Quand on s'adresse à un récipiendaire du prix Nobel, on le vouvoie et on lui donne du Monsieur.
Donc, Monsieur
Garcia Marquez, nous emmène au temps de l'Inquisition quelque part en Amérique du Sud (ou bien est-ce simplement l'Espagne ?). J'avoue ne pas avoir bien cerné ni l'époque (XVème, XVIème siècle ?) ni les lieux. Peu importe. L'intérêt est ailleurs puisque de tels faits se sont produits dans tous les pays et à n'importe quelle époque.
Quand l'Homme ne sait pas, il invoque des esprits supérieurs pour lui donner les réponses qu'il cherche désespérément (sans se rendre compte que la question est plus importante que la réponse). Parfois, c'est Dieu (afin d'expliquer ce que la science ne pouvait pas élucider), d'autres fois le Diable (pour déterminer la cause de troubles intérieurs). Evidemment, Darwin et
Freud ont largement réduit leur champ d'action. Mais, à bien y regarder, avons-nous réussi à nous débarrasser de toutes ces vieilles croyances ancestrales ?
Sierva Maria, fille d'un marquis, est une petite fille de 12 ans qui a été mordue par un chien enragé. Sa cheville enfle, la blessure ne guérit pas. le marquis convoque un médecin un peu atypique pour l'époque, Abrenuncio : premier personnage qui illumine les pages du roman, après la fillette, personnage central.

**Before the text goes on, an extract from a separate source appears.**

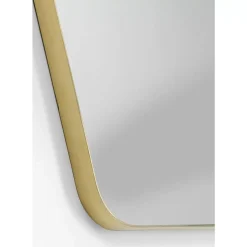 Sale Wandspiegel Shape Hexagon Brass 64X94,5Cm Spiegel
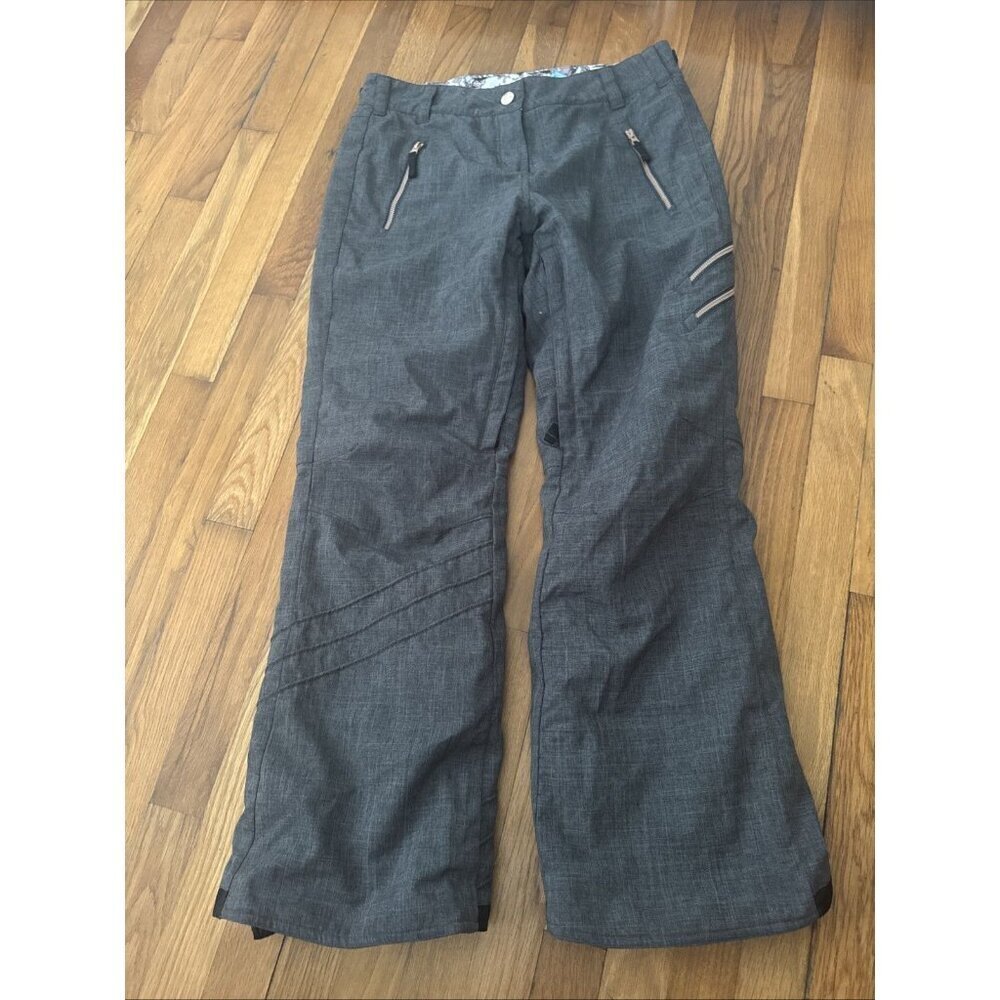 Obermeyer Delia Women's Ski Snow Pants Snowboard Size 10 - Picture 2 of 7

Très vite, on s'aperçoit qu'elle passe le plus clair de son temps avec les esclaves dont elle parle les différentes langues africaines, qu'elle ment pour le plaisir de mentir, bref qu'elle est un peu « dérangée «. A cela, rien d'étonnant, sans être un champion de la psychanalyse : son père l'aime mais ne lui montre guère et sa mère la hait courtoisement. Là-dessus, petite explication du couple que forment ces aristocrates.
Convaincu que sa propre fille est possédée par le Diable, le marquis la fait interner dans un couvent où la mère supérieure la prend en grippe d'emblée. Un évêque ordonne à un prêtre exorciseur, Don Cayetano Delaura, d'enquêter sur le cas de la fillette : est-elle réellement possédée ?

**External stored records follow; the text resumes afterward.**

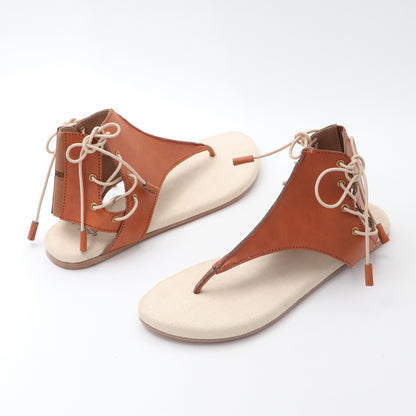 Lacy tow tone gladiator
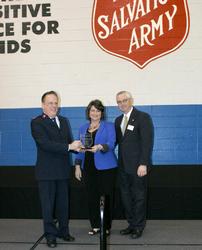 CLARK receives the Salvation Army’s Community Partner Award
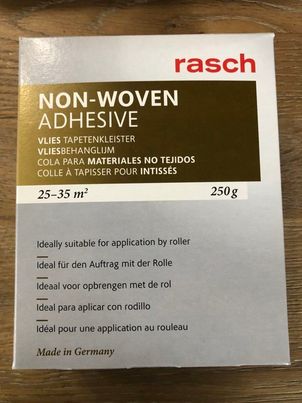 RASCH COLLE A TAPISSER POUR PAPIERS INTISS2S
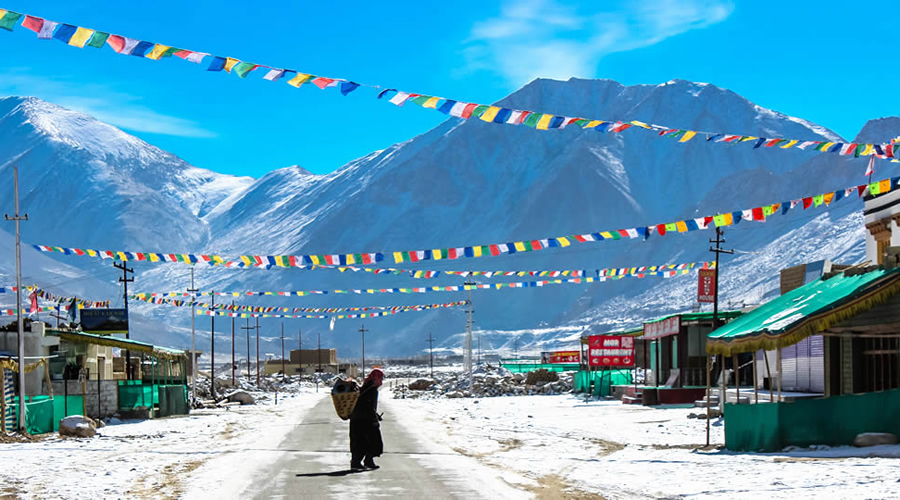 Ladakh Winter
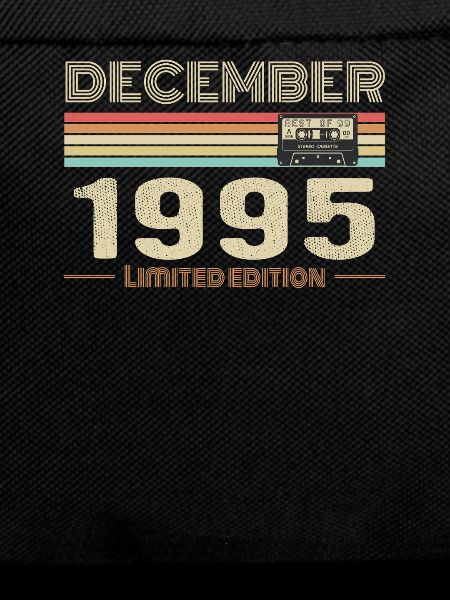 December 1995 Birthday December 1995 December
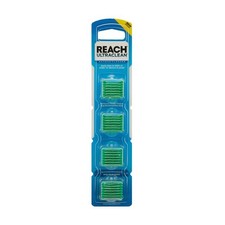 REACH Ultraclean Access Flosser Refill Heads Mint Plaque Remover For Teeth 28Ct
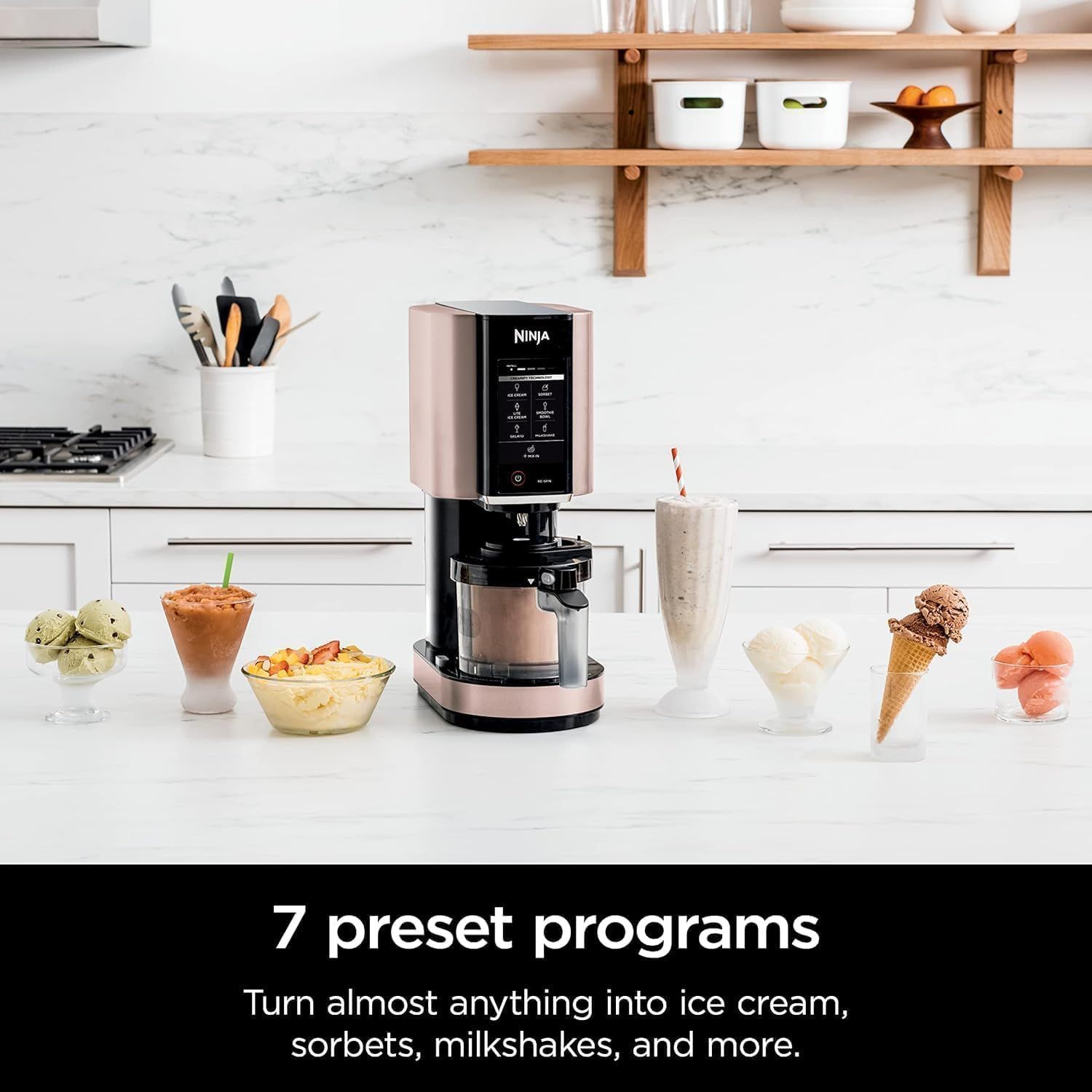 Ninja NC301 CREAMi Ice Cream Maker - Image 8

Second personnage fort du roman. Cayetano va devoir se débattre face à une foule de sentiments divers comme chez
Bernanos. Je n'en dirai pas plus.
L'ensemble est captivant, mais peut-être aurait-on gagné en se focalisant sur les relations ambigües du prêtre et de la fillette, sous la forme de simples visites dans son cachot, par exemple. Cette lutte du bien contre le mal qui masque mal les accès de ces sentiments et émotions qui nous bouleversent sans que le Diable ne soit pour rien là dedans. La dernière page tournée, je persiste dans l'idée que la religion a fait beaucoup de mal à l'âme humaine, à commencer par la sexualité (honte & culpabilité) et toutes les manifestations de nos sensations mal gérées.